As we return from the Thanksgiving break, we implore you to consider becoming a paid TidBITS member. In addition to receiving exclusive benefits and saving hundreds on Mac software, your support would help us fund great articles like those in this issue. To start, Adam Engst explains the hidden trick for changing the font in Yosemite’s Messages app, and Josh Centers shows how you can prevent the next version of Twitter in iOS from spying on your apps. Also this week, Michael Cohen looks at PDFpen 2 and its innovative way of enabling upgrade pricing on iOS, Jeff Carlson tells you how to remove the Slo-Mo effect from iPhone videos, Julio Ojeda-Zapata reviews Ergotron’s budget-minded standing desk solutions, and you can enter to win a copy of BeLight Software’s Printworks in DealBITS. Finally, we’ve been listening to the Apple community’s Yosemite complaints, and while we can’t solve every problem, we have rounded up fixes for five common annoyances.
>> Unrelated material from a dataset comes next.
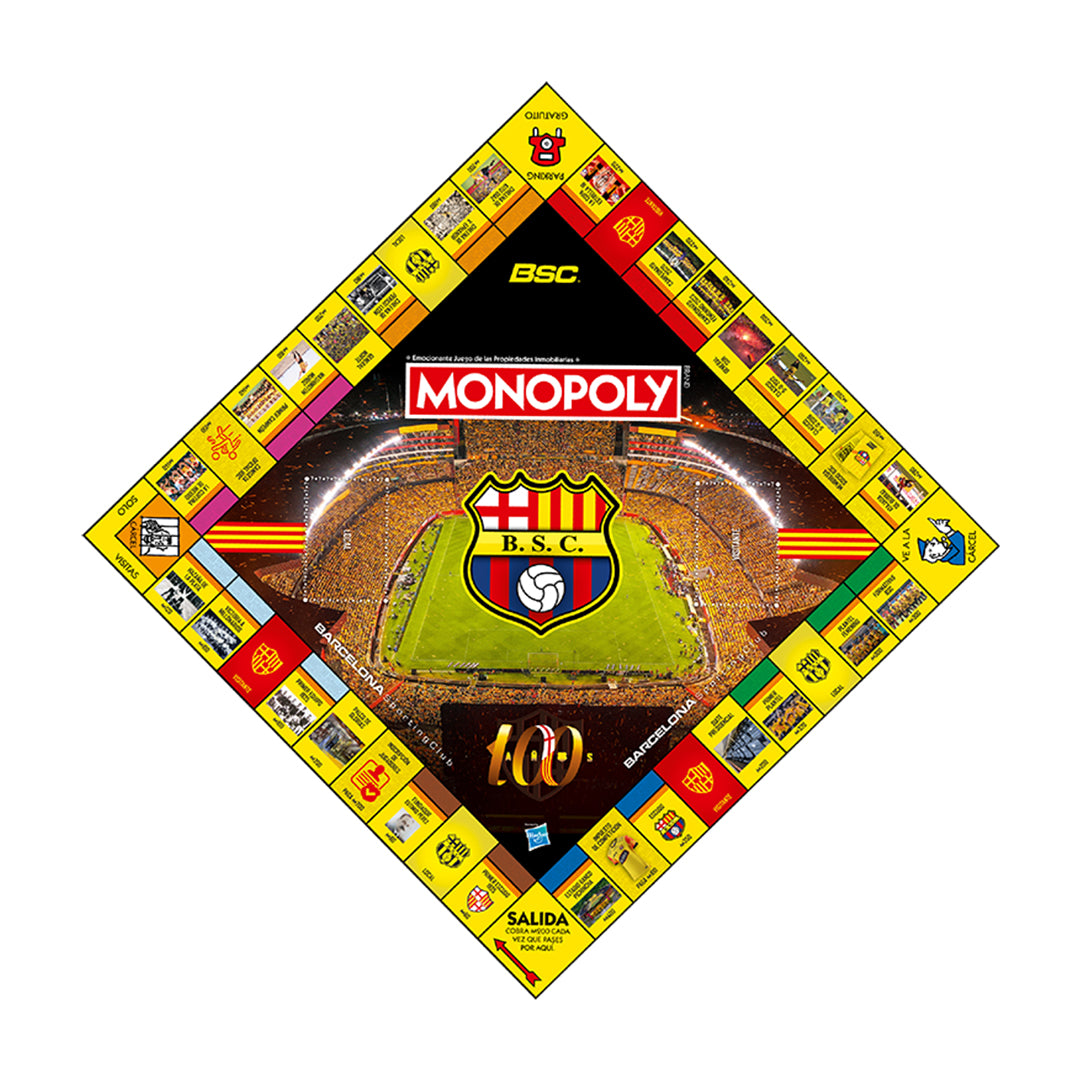 Monopolio Barcelona sporting club edicion centenario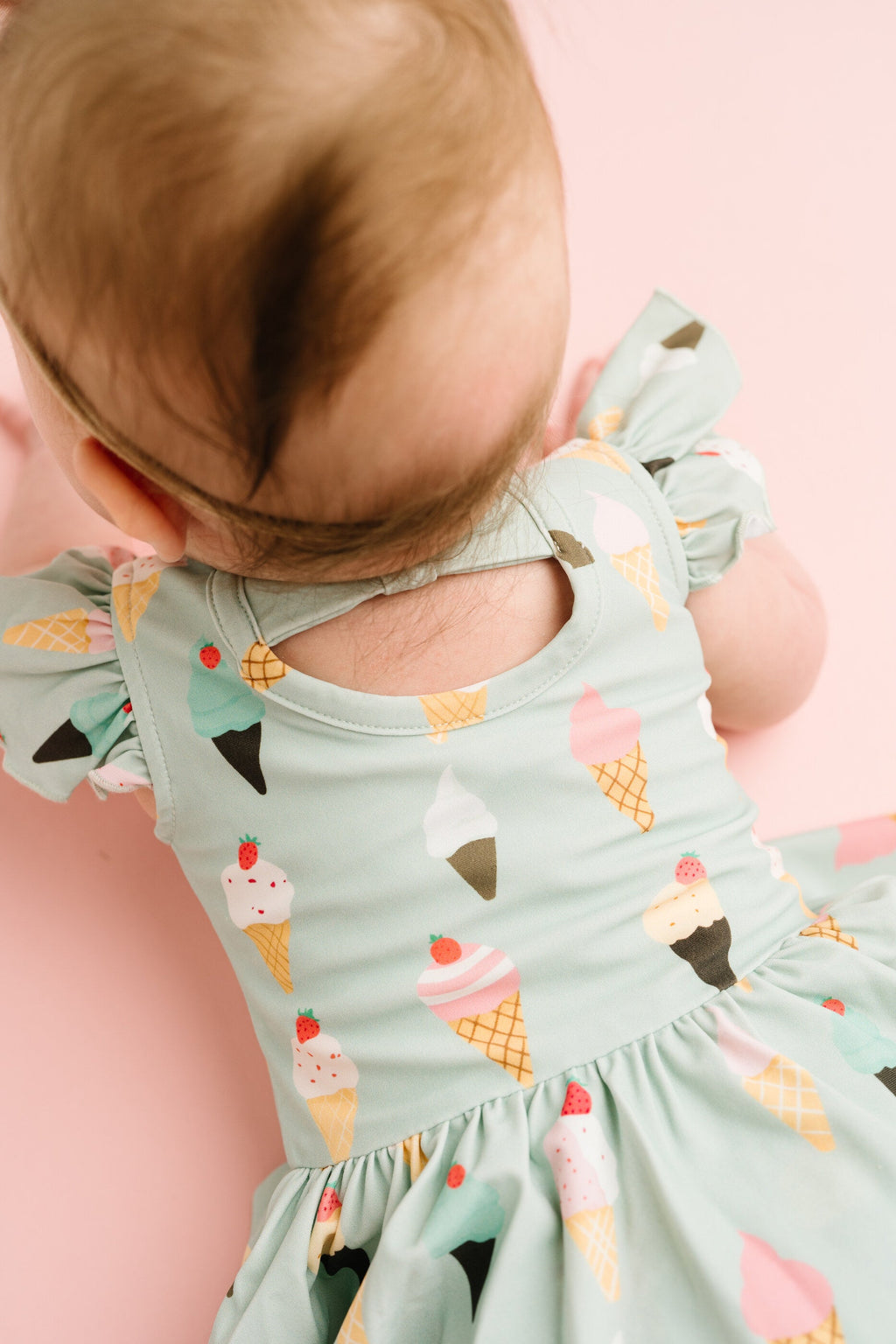 Ice Cream Swim Dress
Notable software releases this week include Firefox 34.0, Boom 2.0, Airfoil 4.8.11, Downcast 1.1.5, Lightroom 5.7, Carbon Copy Cloner 4.0.3, and PopChar X 7.0.
It’s Thanksgiving week here in the United States, so we won’t be publishing an email issue on 1 December 2014, but new articles will keep appearing on our Web site. Apple has provided developers the tools they need to build Apple Watch apps, but those apps will be rather limited at first. Michael Cohen looks at why and what we can expect. Did you know that Yosemite has a new batch-renaming feature? Josh Centers explains how it works, and also shares the latest in the NSA spy scandal in a new installment of Keeping Up with the Snoops. In Take Control news, Joe Kissell’s updated “Take Control of iCloud” now covers iCloud Drive, iCloud’s confusing photo services, and Family Sharing, among much else, and Charles Edge’s “Take Control of OS X Server” is now available in book form after being streamed to TidBITS members. Finally, in FunBITS, Josh takes a look at the iOS game Overglide, which is played inside a Today View widget, and ponders the future of widgets in iOS 8. Notable software releases this week include DEVONthink/DEVONnote 2.8.2, Mactracker 7.4.1, Evernote 6.0, SpamSieve 2.9.18, and Mailplane 3.3.3.
Apple has updated OS X 10.10 Yosemite, iOS 8, and Apple TV in one fell swoop — Josh Centers has a detailed list of what changed. In other Apple news, the company is offering a new Apple Rewards Visa card, along with a long-awaited tool that enables iPhone switchers to decouple their phone numbers from iMessage. President Obama delivered a strong message on net neutrality last week, and Geoff Duncan explains what that means for the FCC. Josh also takes a look at the Neato note-taking widget for iOS 8, and Adam Engst explains the thinking behind the significant changes in our new Take Control Crash Course series. Finally, in FunBITS, we cover the Internet Arcade, which lets you play the games of yesteryear for free in your Web browser. Notable software releases this week include Little Snitch 3.5, Firefox 33.1, and LaunchBar 6.1.5.